“That doesn’t make any sense,” I said. “Why would Heaven want me dead? Aren’t they the good guys?”
“You can’t make an omelet without breaking a few eggs,” Talamur’s head reasoned.
“But what kind of omelet were they making?” Fikhos mused.
I rolled my eyes. “Probably a Denver omelet,” I snapped. “He was being figurative, dumbass.”
“So was I, sir,” Fikhos returned thinly. “I was asking what objective Heaven was fulfilling by having you killed.”
“I can’t speak to that,” Talamur said. “I didn’t ask a lot of detailed questions, I just did the job they wanted me to do.”
“Why would Heaven hire a demon?” Jaelin asked. “How did they pay you and why couldn’t they do it themselves?”
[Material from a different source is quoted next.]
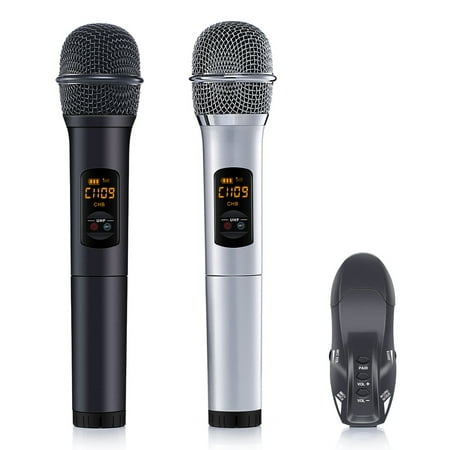 - 2 Wireless Microphone Set,ELEGIANT K18U 10 Channel UHF Handheld HiFi Wireless Microphones Karaoke Receiver Dynamic Microphones for Wedding Speech Conference Karaoke Party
“Angels try to avoid doing the actual egg-breaking themselves,” Talamur explained. “They don’t like to get their hands dirty.”
I’d noticed that he had avoided the question of how he’d been compensated for his services, but apparently no one else had. I didn’t feel it was important to bring up now, considering there were more pressing concerns. “All right, well, we need to get back to Hell,” I announced. “Our run-in with these demons has pretty much confirmed what Sebrev told us, so we need to find whoever’s doing this and put it to a stop.”
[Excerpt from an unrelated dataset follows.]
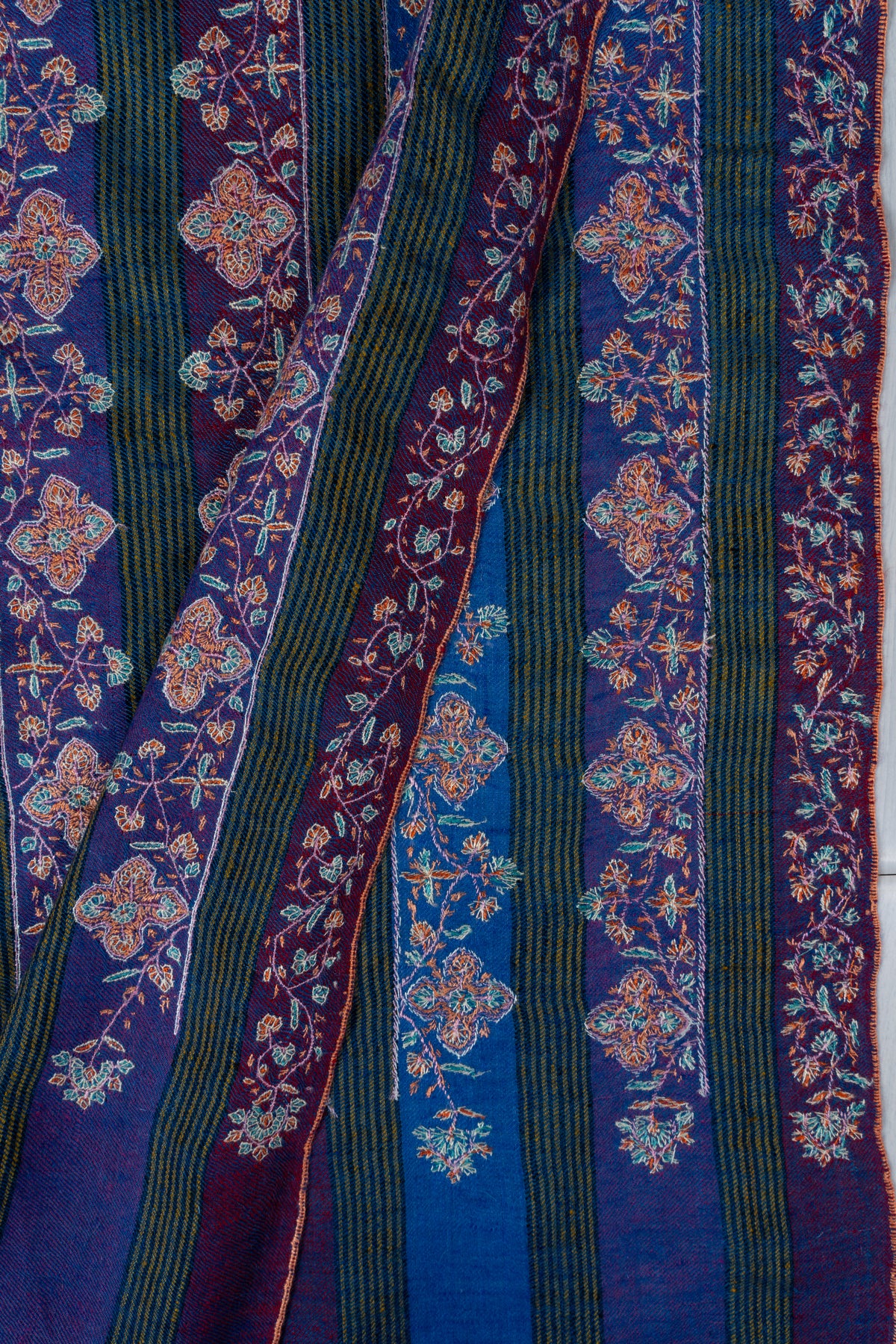 Sapphire and Amethyst Pure Pashmina Shawl with Sozni Hand Embroidered Floral Stripes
“That’s an excellent idea, sir,” Fikhos enthused. Apparently he’d forgiven me for calling him a dumbass.
“But you’ll need someone to stay in the Realm of the Living to keep an eye on things, right?” Jaelin suggested hopefully.
I sighed. “Yeah, sure, catch up with your old boyfriend for a while. But the minute you catch wind of more demon invasions, you teleport right back to Hell and let me know.”
She nodded smartly. “Will do.” She plucked Talamur’s head from the ground and gently placed it against his neck so that he could begin healing.
Talamur spoke from the grass. “What about the purple demon whose ass I was kicking when you lot showed up?”
I glanced over to where the demon lay unconscious, teleported over to him, and returned as soon as I’d reduced him to chunks. “Anything else?” I asked.
Fikhos and Jaelin exchanged a quick glance before shaking their heads in unison.
“Great,” I said. “Fikhos, let’s go back to my office.”